Extract every line starting at the line that contains "Velika zmaga Jana Tratnika!" and ending with the final line of the data, inclusive; give only those lines, word for word.

::: Records for this task :::

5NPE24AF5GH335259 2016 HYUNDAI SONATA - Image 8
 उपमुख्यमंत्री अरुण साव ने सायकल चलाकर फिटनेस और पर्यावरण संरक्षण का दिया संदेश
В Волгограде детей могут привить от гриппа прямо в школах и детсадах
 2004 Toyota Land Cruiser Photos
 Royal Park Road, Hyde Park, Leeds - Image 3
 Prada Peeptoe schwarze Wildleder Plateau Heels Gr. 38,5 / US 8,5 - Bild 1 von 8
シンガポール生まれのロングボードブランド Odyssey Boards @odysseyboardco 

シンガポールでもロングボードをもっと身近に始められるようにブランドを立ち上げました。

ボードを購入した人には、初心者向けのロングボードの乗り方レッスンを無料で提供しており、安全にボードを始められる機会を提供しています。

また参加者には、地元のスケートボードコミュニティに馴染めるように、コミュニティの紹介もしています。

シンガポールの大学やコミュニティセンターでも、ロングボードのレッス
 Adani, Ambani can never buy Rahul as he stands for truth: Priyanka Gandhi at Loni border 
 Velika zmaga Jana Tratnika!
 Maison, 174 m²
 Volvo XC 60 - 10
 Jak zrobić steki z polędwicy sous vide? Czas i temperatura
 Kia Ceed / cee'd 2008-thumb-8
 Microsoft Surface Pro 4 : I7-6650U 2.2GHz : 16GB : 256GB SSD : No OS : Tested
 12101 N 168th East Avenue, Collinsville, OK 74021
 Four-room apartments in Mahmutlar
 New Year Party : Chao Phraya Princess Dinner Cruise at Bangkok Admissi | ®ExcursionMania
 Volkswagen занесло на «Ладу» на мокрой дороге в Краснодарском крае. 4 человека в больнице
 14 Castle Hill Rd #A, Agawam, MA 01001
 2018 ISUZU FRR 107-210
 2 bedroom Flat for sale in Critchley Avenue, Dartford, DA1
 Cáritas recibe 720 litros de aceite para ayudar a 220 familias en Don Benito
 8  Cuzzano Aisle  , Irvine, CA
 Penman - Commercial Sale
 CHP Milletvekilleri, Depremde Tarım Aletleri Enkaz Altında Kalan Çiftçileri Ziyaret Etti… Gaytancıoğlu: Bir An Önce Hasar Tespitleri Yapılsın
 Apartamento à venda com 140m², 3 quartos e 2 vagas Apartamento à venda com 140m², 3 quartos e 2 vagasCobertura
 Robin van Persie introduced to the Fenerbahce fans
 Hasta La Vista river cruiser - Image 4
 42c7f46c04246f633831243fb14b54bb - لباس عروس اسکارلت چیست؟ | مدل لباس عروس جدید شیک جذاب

:::

* _Exercise result_:
 Velika zmaga Jana Tratnika!
 Maison, 174 m²
 Volvo XC 60 - 10
 Jak zrobić steki z polędwicy sous vide? Czas i temperatura
 Kia Ceed / cee'd 2008-thumb-8
 Microsoft Surface Pro 4 : I7-6650U 2.2GHz : 16GB : 256GB SSD : No OS : Tested
 12101 N 168th East Avenue, Collinsville, OK 74021
 Four-room apartments in Mahmutlar
 New Year Party : Chao Phraya Princess Dinner Cruise at Bangkok Admissi | ®ExcursionMania
 Volkswagen занесло на «Ладу» на мокрой дороге в Краснодарском крае. 4 человека в больнице
 14 Castle Hill Rd #A, Agawam, MA 01001
 2018 ISUZU FRR 107-210
 2 bedroom Flat for sale in Critchley Avenue, Dartford, DA1
 Cáritas recibe 720 litros de aceite para ayudar a 220 familias en Don Benito
 8  Cuzzano Aisle  , Irvine, CA
 Penman - Commercial Sale
 CHP Milletvekilleri, Depremde Tarım Aletleri Enkaz Altında Kalan Çiftçileri Ziyaret Etti… Gaytancıoğlu: Bir An Önce Hasar Tespitleri Yapılsın
 Apartamento à venda com 140m², 3 quartos e 2 vagas Apartamento à venda com 140m², 3 quartos e 2 vagasCobertura
 Robin van Persie introduced to the Fenerbahce fans
 Hasta La Vista river cruiser - Image 4
 42c7f46c04246f633831243fb14b54bb - لباس عروس اسکارلت چیست؟ | مدل لباس عروس جدید شیک جذاب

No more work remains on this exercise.